§ PROBLEM DETAILS
Output, word for word, each line from the one with "Image no. 1" through the end of the listing below, excluding every picture.

§ INPUT DATA
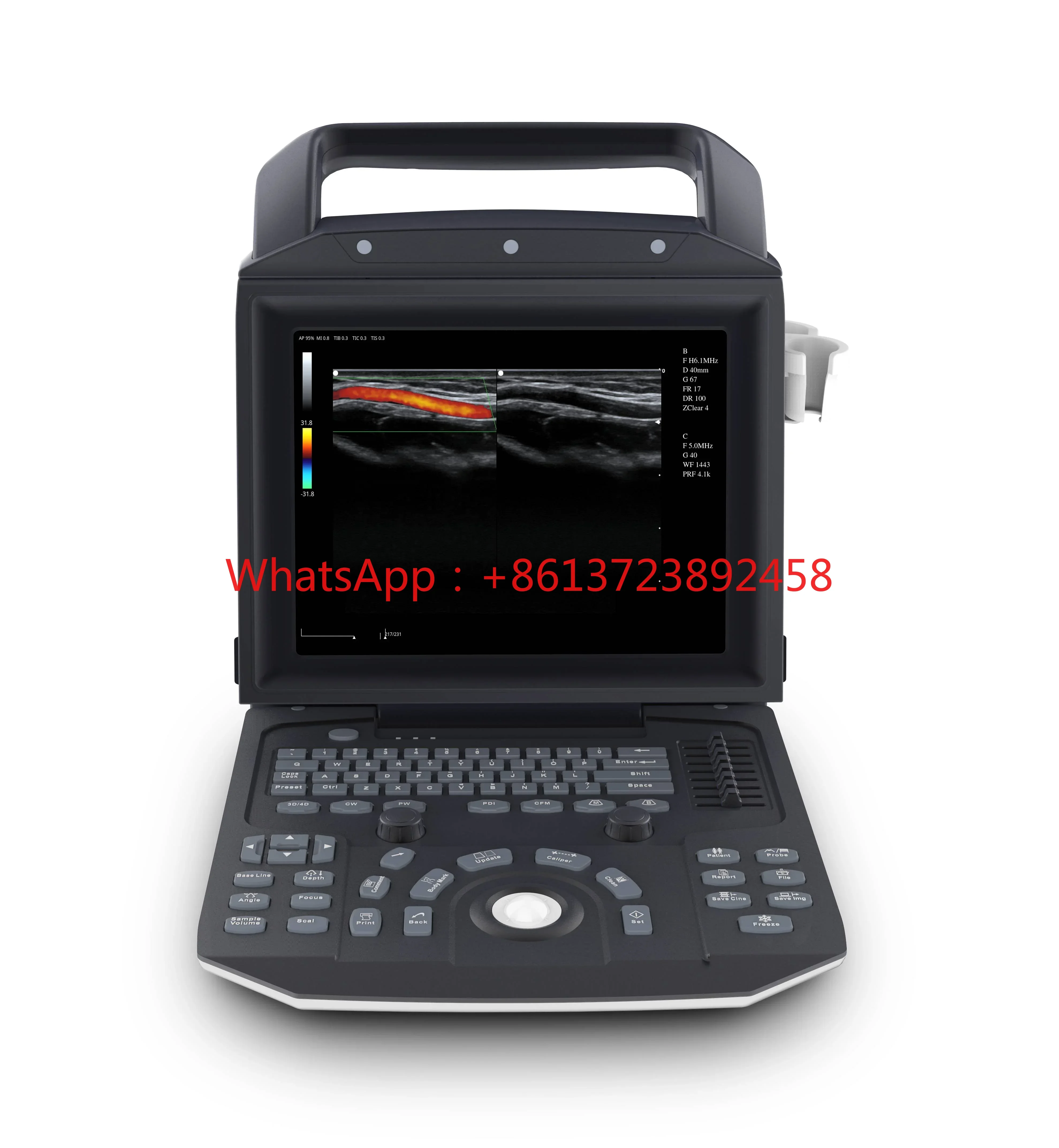 

YSB-M5 VET Ysenmed Veterinary Ultrasound Color Doppler Scanner Machine Portable Cow Pig Animal Ultrasound Machine Pet Ultrasound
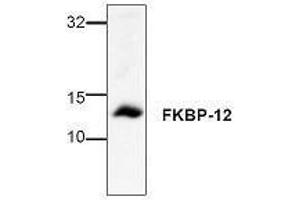 Image no. 1 for anti-FK506 Binding Protein 1A, 12kDa (FKBP1A) antibody (ABIN127265) (FKBP1A anticorps)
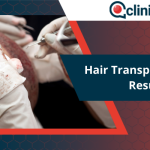 Hair Transplant Turkey Results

§ SOLUTION TO THIS PROBLEM
 Image no. 1 for anti-FK506 Binding Protein 1A, 12kDa (FKBP1A) antibody (ABIN127265) (FKBP1A anticorps)
 Hair Transplant Turkey Results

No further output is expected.